The first letter U here corresponds to constraints on loadings (not yet implemented), the second letter corresponds to constrained/unconstrained across clusters, and the third letter corresponds to the isotropic constraint. Of course, only the third letter is of relevance for the single-cluster "FA" and "IFA" models, such that "unconstrained" and "constrained" are equivalent for these models, and so too are "isotropic" and "single".

uni.prior

A switch indicating whether uniquenesses rate hyperparameters are to be "unconstrained" or "isotropic", i.e. variable-specific or not. "uni.prior" must be "isotropic" if the last letter of "uni.type" is C, but can take either value otherwise. Defaults to correspond to the last letter of uni.type if that is supplied and uni.prior is not, otherwise defaults to "unconstrained", but "isotropic" is recommended when N < P. Only relevant when "psi.beta" is not supplied and psi_hyper is therefore invoked.

alpha

Depending on the method employed, either the hyperparameter of the Dirichlet prior for the cluster mixing proportions, or the Dirichlet process concentration parameter. Defaults to 0.5/range.G for the Overfitted methods - if supplied for "OMFA" and "OMIFA" methods, you are supplying the numerator of alpha/range.G, which should be less than half the dimension (per group!) of the free parameters of the smallest model considered in order to ensure superfluous clusters are emptied (for "OMFA", this corresponds to the smallest range.Q; for "OMIFA", this corresponds to a zero-factor model) [see: PGMM_dfree and Rousseau and Mengersen (2011)]. Defaults to 1 for the finite mixture models "MFA" and "MIFA". Defaults to 1 - discount for the "IMFA" and "IMIFA" models if learn.alpha=FALSE or a simulation from the prior if learn.alpha=TRUE. Must be positive, unless discount is supplied for the "IMFA" or "IMIFA" methods.

psi.alpha

The shape of the inverse gamma prior on the uniquenesses. Defaults to 2.5 if uni.type is one of "unconstrained" or "constrained", otherwise defaults to 3.5.

psi.beta

The rate of the inverse gamma prior on the uniquenesses. Can be either a single parameter, a vector of variable specific rates, or a matrix of variable and group-specific rates. If this is not supplied, psi_hyper is invoked to choose sensible values, depending on the value of uni.prior and, for the "MFA" and "MIFA" models, the value of psi0g.

mu.zero

The mean of the prior distribution for the mean parameter.
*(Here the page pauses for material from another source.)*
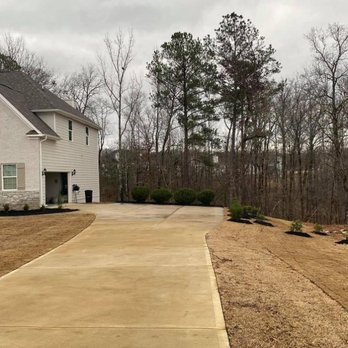 Semper Fi Lawn Care & Landscaping - a driveway in front of a house - Tree Services Near Me Semper Fi Lawn Care & Landscaping - a driveway in front of a house - Tree Services Near Me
Defaults to the sample mean of the data.

sigma.mu

The covariance of the prior distribution for the mean parameter. Can be a scalar times the identity or a matrix of appropriate dimension. Defaults to the sample covariance matrix.

sigma.l

The covariance of the prior distribution for the loadings. Defaults to 1. Only relevant for the finite factor methods.

z.init

The method used to initialise the cluster labels. Defaults to Mclust. Not relevant for the "FA" and ""IFA" methods.

z.list

A user supplied list of cluster labels. Only relevant if z.init == "z.list".

adapt

A logical value indicating whether adaptation of the number of cluster-specific factors is to take place. Only relevant for methods ending in IFA, in which case the default is TRUE. Specifying FALSE and supplying range.Q provides a means to use the MGP prior in a finite factor context.

prop

Proportion of elements within the neighbourhood epsilon of zero necessary to consider a loadings column redundant. Defaults to floor(0.7 * P)/P. Only relevant for methods ending in IFA.

epsilon

Neighbourhood of zero within which a loadings entry is considered negligible according to prop. Defaults to 0.1. Only relevant for methods ending in IFA.

alpha.d1

Shape hyperparameter of the global shrinkage on the first column of the loadings according to the MGP shrinkage prior. Passed to MGP_check to ensure validity. Defaults to 3. Only relevant for methods ending in IFA.

alpha.d2

Shape hyperparameter of the global shrinkage on subsequent columns of the loadings according to the MGP shrinkage prior. Passed to MGP_check to ensure validity. Defaults to 6. Only relevant for methods ending in IFA.

beta.d1

Rate hyperparameter of the global shrinkage on the first column of the loadings according to the MGP shrinkage prior. Passed to MGP_check to ensure validity. Defaults to 1. Only relevant for methods ending in IFA.

beta.d2

Hyperparameter for the gamma prior on the local shrinkage parameters. Defaults to 2. Passed to MGP_check to ensure validity. Only relevant for methods ending in IFA.

nuplus1

Logical switch indicating whether the shape hyperparameter of the prior on the local shrinkage parameters is equal to nu + 1. If FALSE, it is simply equal to nu. Only relevant for methods ending in IFA.

adapt.at

The iteration at which adaptation is to begin. Defaults to burnin for the "IFA" and "MIFA" methods, defaults to 0 for the "OMIFA" and "IMIFA". Cannot exceed burnin. Only relevant for methods ending in IFA.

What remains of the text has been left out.